By: dmcq (dmcq.delete@this.fano.co.uk), October 3, 2021 1:54 pm
Room: Moderated Discussions
Linus Torvalds (torvalds.delete@this.linux-foundation.org) on October 3, 2021 10:48 am wrote:
> Brendan (btrotter.delete@this.gmail.com) on October 2, 2021 4:53 pm wrote:
> >
> > The DMA that Linus seems to be thinking of (e.g. a dedicated "Intel 8237" chip sitting on a
> > distant legacy/ISA bus) mostly got superseded/replaced by bus mastering functionality built
> > directly into almost every device;
>
> No, I'm very much thinking of modern DMA - on-die and cache coherent.
>
> Because even when it is close-by and cache coherent, it is just stupid and wrong for CPU memory copies.
>
> The memory accesses need to be done by the memory unit itself, in order to not
> screw up data that is in the local L1 cache - which is not at all uncommon.
>
> In fact, you want it even closer than the L1D$ - you want it to interact with the actual
> store buffers. You want the memory copies to be visible and part of the OoO machinery,
> so that you can do the re-ordering, do the store buffer snooping, etc. They should use
> all the byte lane shifting and masking logic that is very much already there.
>
> I call it a "CPU memory copy logic", and claim that it should be driven by CPU instructions, and that is should
> become part of the uop stream and schedule with the instructions around it. So it needs to be right there
> in the very core of the CPU, by the same memory unit that handles all the other loads and stores.
>
> Nobody sane calls that "DMA" unless you just want to make some mental gymnastics.
>
> Any actual DMA engine that is not directly tied to the CPU memory unit is much too far away, and cannot
> be sanely ordered wrt all the other memory ops around the memcpy that will be right there.
>
> A very common memory copy pattern is to literally copy a data structure, and then modify
> the result. We're talking tens - maybe hundreds - of bytes, that can be done with one or
> two byte shift/mask buffer movements that should be scheduled exactly like any random read
> or write. Except it isn't a fixed-size read, and it doesn't go through a register file.
>
> Linus
I think if a property is to be applied to the data it probably should be set to streaming or non-temporal if it isn't already in the L1D cache. After that it might either go into L1D but be marked as such or sent straight to L2D depending on implementation - but as Linus points out it would be very likely counter productive to try avoiding putting it into L2D.

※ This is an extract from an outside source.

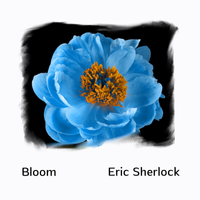 Bloom - Single by Eric Sherlock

> Brendan (btrotter.delete@this.gmail.com) on October 2, 2021 4:53 pm wrote:
> >
> > The DMA that Linus seems to be thinking of (e.g. a dedicated "Intel 8237" chip sitting on a
> > distant legacy/ISA bus) mostly got superseded/replaced by bus mastering functionality built
> > directly into almost every device;
>
> No, I'm very much thinking of modern DMA - on-die and cache coherent.
>
> Because even when it is close-by and cache coherent, it is just stupid and wrong for CPU memory copies.
>
> The memory accesses need to be done by the memory unit itself, in order to not
> screw up data that is in the local L1 cache - which is not at all uncommon.
>
> In fact, you want it even closer than the L1D$ - you want it to interact with the actual
> store buffers. You want the memory copies to be visible and part of the OoO machinery,
> so that you can do the re-ordering, do the store buffer snooping, etc. They should use
> all the byte lane shifting and masking logic that is very much already there.
>
> I call it a "CPU memory copy logic", and claim that it should be driven by CPU instructions, and that is should
> become part of the uop stream and schedule with the instructions around it. So it needs to be right there
> in the very core of the CPU, by the same memory unit that handles all the other loads and stores.
>
> Nobody sane calls that "DMA" unless you just want to make some mental gymnastics.
>
> Any actual DMA engine that is not directly tied to the CPU memory unit is much too far away, and cannot
> be sanely ordered wrt all the other memory ops around the memcpy that will be right there.
>
> A very common memory copy pattern is to literally copy a data structure, and then modify
> the result. We're talking tens - maybe hundreds - of bytes, that can be done with one or
> two byte shift/mask buffer movements that should be scheduled exactly like any random read
> or write. Except it isn't a fixed-size read, and it doesn't go through a register file.
>
> Linus
I think if a property is to be applied to the data it probably should be set to streaming or non-temporal if it isn't already in the L1D cache. After that it might either go into L1D but be marked as such or sent straight to L2D depending on implementation - but as Linus points out it would be very likely counter productive to try avoiding putting it into L2D.